There is a certain amount of skepticism towards the Institute in international traditional circles. A lot is directed at Father Wach; well, you really have to ask why the Institute has had the same superior general since 1990 when most of the others have changed since then. What's more serious is that the academic standards in Gricigliano (Institute seminary in the Florence archdiocese) are not generally believed to be stellar. In the Irish context, the Institute have brought a very French from traditionalism and they don't show much respect for Irish traditions.

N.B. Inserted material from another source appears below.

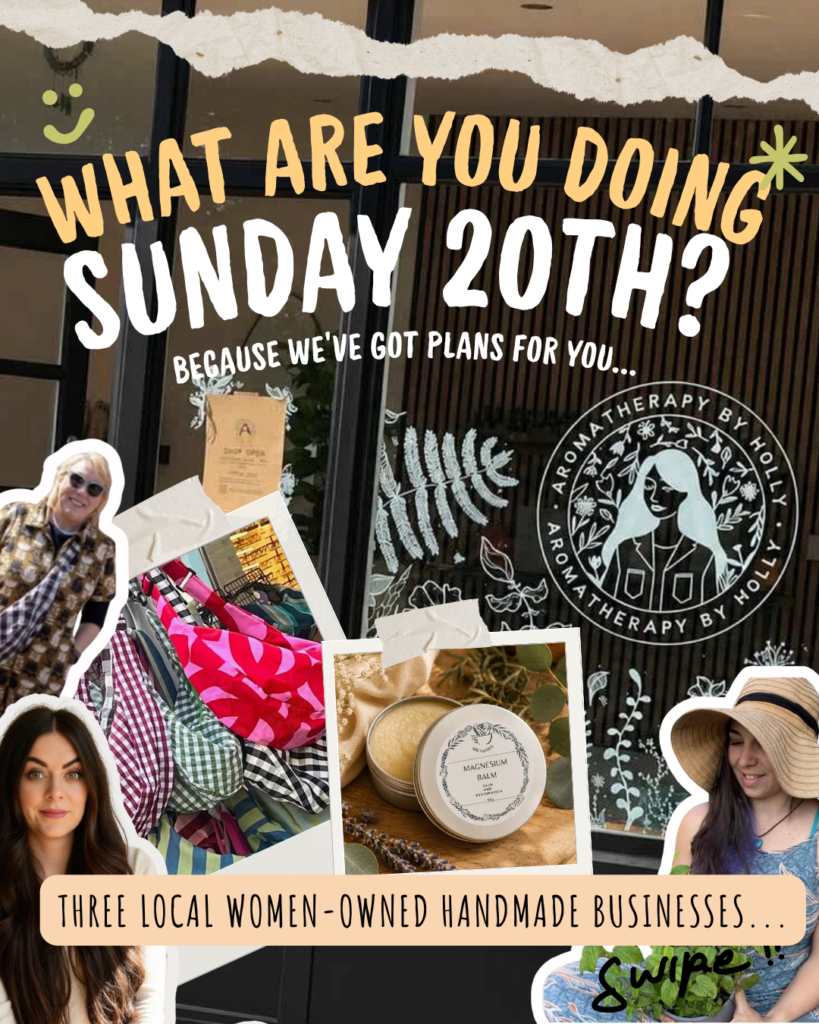 Aromatherapy by Holly Pop-Up Shop – Sunday 20th September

I'm not used to much of anything in the US. I did live there during university quite a few years ago, but I've spent more time in Ireland (Counties Meath, Kilkenny, and Kerry, with work in Dublin) than in the US. The only TLM I've been to in Ireland was celebrated by a hermit priest who emerged on some Sundays to say Mass in Navan, and I haven't been apart of any parish community in the US, other than the university chaplaincy. To be honest, I'm not terribly impressed by American Catholicism, whether at the parish level or otherwise. It's an unfortunate export. But that's another thread.
Father David Jones, lives in Duleek; says Sunday and holyday Mass in Johnstown where Father Michael Cahill is parish priest (there's also Syro-Malabarese liturgy in the same church). That has an impressive congregation in size for it's location, but after the last Gospel, they all go their separate ways, which is the rule in Ireland. When the traditional Mass was moveed in to St Kevin's Church in Harrington St in Dublin, the late Kieron Wood petitioned Father Deighan to have teas and coffees in a refreshment area in the church building after Mass, but this was resisted.

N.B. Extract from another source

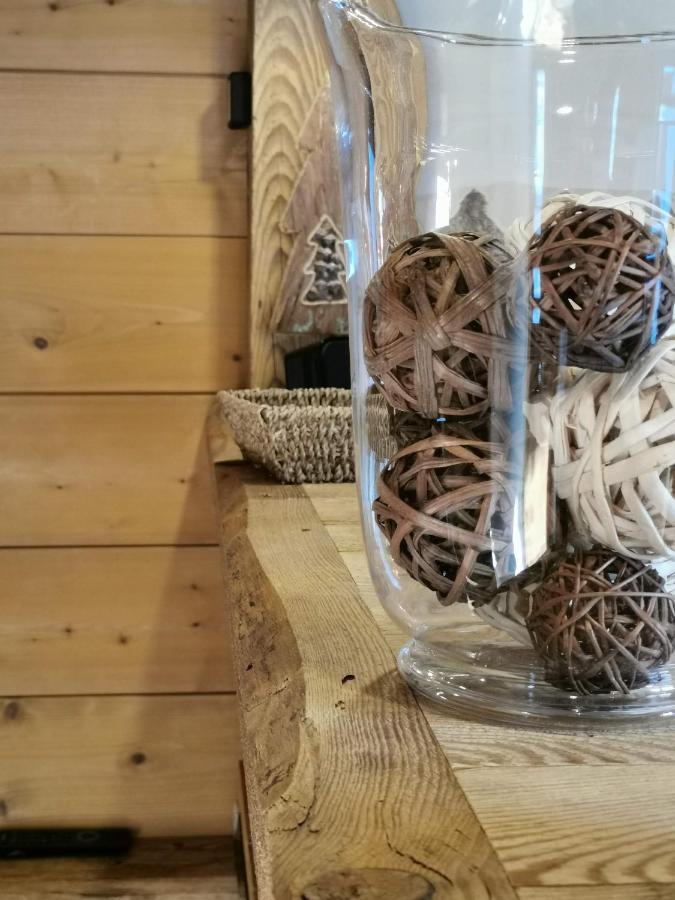Petit Chalet Individuel De Caractere Megève Eksteriør billede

I'm now in Canada, with plans of returning to Ireland. The TLM parishes that I've been to in Canada have been quite remarkable in how diverse they are, in terms of not only race but of native language, age, class/income, with single people and families and elderly couples, etc. The same is true of the Ordinariate. I've read on this forum that the TLM in Ireland attracts mainly those of a higher socioeconomic class, which is surprising to me. That hasn't been my experience in Canada, and actually it wasn't my experience with the hermit priest, but that's a small sample size. On the other hand, the typical NO Mass in Ireland is a far less gruesome thing than in Canada (which imports its liturgy mainly from our southern neighbour).
Edit: I should add that the above has much to do with Canadian demographics in particular parts of Canada (at least as far as race and language and nationality are concerned). So that's not a slight to the Irish Church in any way.
Edit: I should add that the above has much to do with Canadian demographics in particular parts of Canada (at least as far as race and language and nationality are concerned). So that's not a slight to the Irish Church in any way.
I wouldn't believe there's a lot of diversity in Irish congregations, but they do draw visitors from abroad.